Can someone give a Haidt quote to this effect, rather than requiring us to pony up to get past a (Claremont) paywall?
no Haidt quote. From Hanania: "Rauch’s intellectual inspirations are: we get references to Adam Smith, Jean-Jacques Rousseau, Francis Bacon, Jonathan Haidt, John Locke, David Hume, Galileo, Thomas Kuhn, Émile Durkheim, George Orwell, Abraham Lincoln, Karl Popper, Montesquieu, James Madison, Socrates, and so on. Liberals like Rauch have simply been unable to reconcile their respect for traditional institutions with their support for diversity. Their implicit argument—that these great things happened to be created by white men only through some accident that has no implication for how they function today—does not seem very credible. The far Left, by contrast, has an easy answer to this conundrum: deconstruct the institutions and demand something more representative to replace them."
Also "Like social psychologist Jonathan Haidt and other moderate liberals, he considers diversity of viewpoints central to an epistemologically healthy system of knowledge creation. Yet he also believes in institutions that by necessity raise up some voices and exclude others. . . Given that we all agree some views and perspectives should be excluded from knowledge-producing processes, the question simply becomes, “which ones?” Rauch would like a place for conservatives; the woke would not. This doesn’t seem to be an issue of deep principle, but a question of where we draw the line."
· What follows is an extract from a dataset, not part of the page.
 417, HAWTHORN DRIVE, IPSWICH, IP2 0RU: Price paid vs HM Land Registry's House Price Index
Thanx much for these details.
When you say "Rauch would like a place for conservatives", does that actually include Deplorables, or is it limited (as I suspect) to never-Trumpers?
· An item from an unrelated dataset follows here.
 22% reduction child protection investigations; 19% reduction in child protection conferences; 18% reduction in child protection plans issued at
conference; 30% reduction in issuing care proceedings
As to "where we draw the line", there had better emerge some clear criteria for this, if we want to avoid the brewing quasi- civil war.
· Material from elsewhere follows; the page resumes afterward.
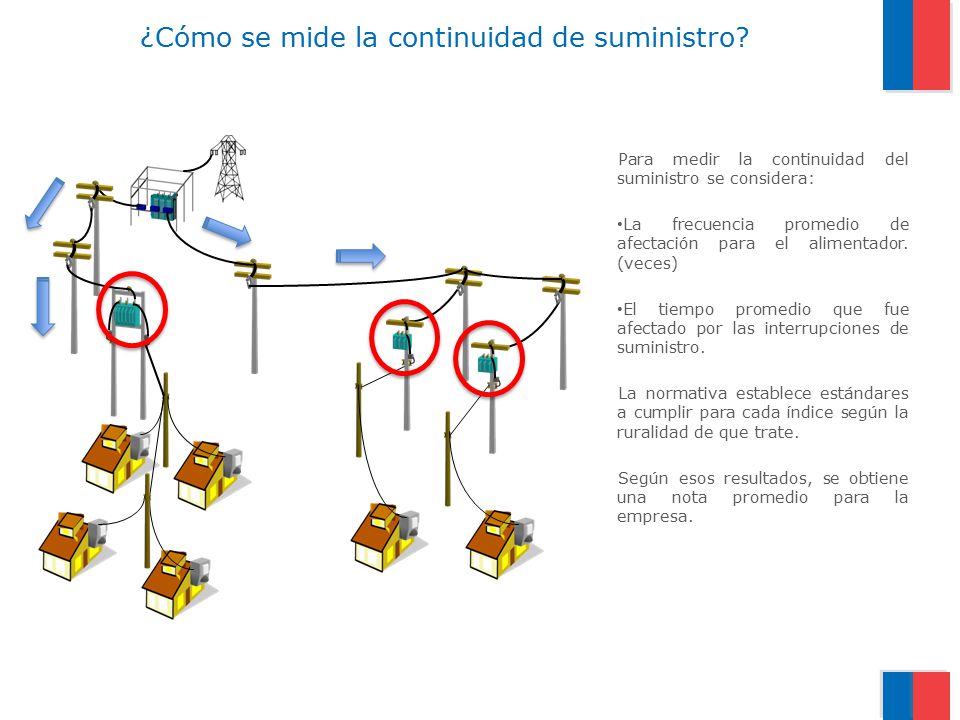 ¿Cómo se mide la continuidad de suministro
The Kyle R. verdict may've been a dodge of one bullet, but the reaction of so many Dems/ Wokesters shows that, as Talleyrand said of the Bourbons, "They have learned nothing and forgotten nothing".
Lawyer turned crime novelist George Higgins once said, "I build [my stories] the way I used to build a trial, a criminal trial. The witnesses come along, and each recites what portion of reality he knows about. At the end. . . you then call upon the jury to reach its own moral decision, its own ethical judgments about the way the characters have behaved . . . I don’t want to make any judgments for the reader. That’s the reader’s job.”
While aggregating parties with conflicting motives and accounts is indeed an effective means of converting soldier-like inputs into scout-like outcomes, many people are now rejecting the principles that such institutional processes are predicated upon. Individuals should be able to speak "their truth" without any regard to another person's portion of reality or objective fact and neutral mechanisms concerned with producing good outcomes are not as emotionally satisfying as policies explicitly tied to good intentions.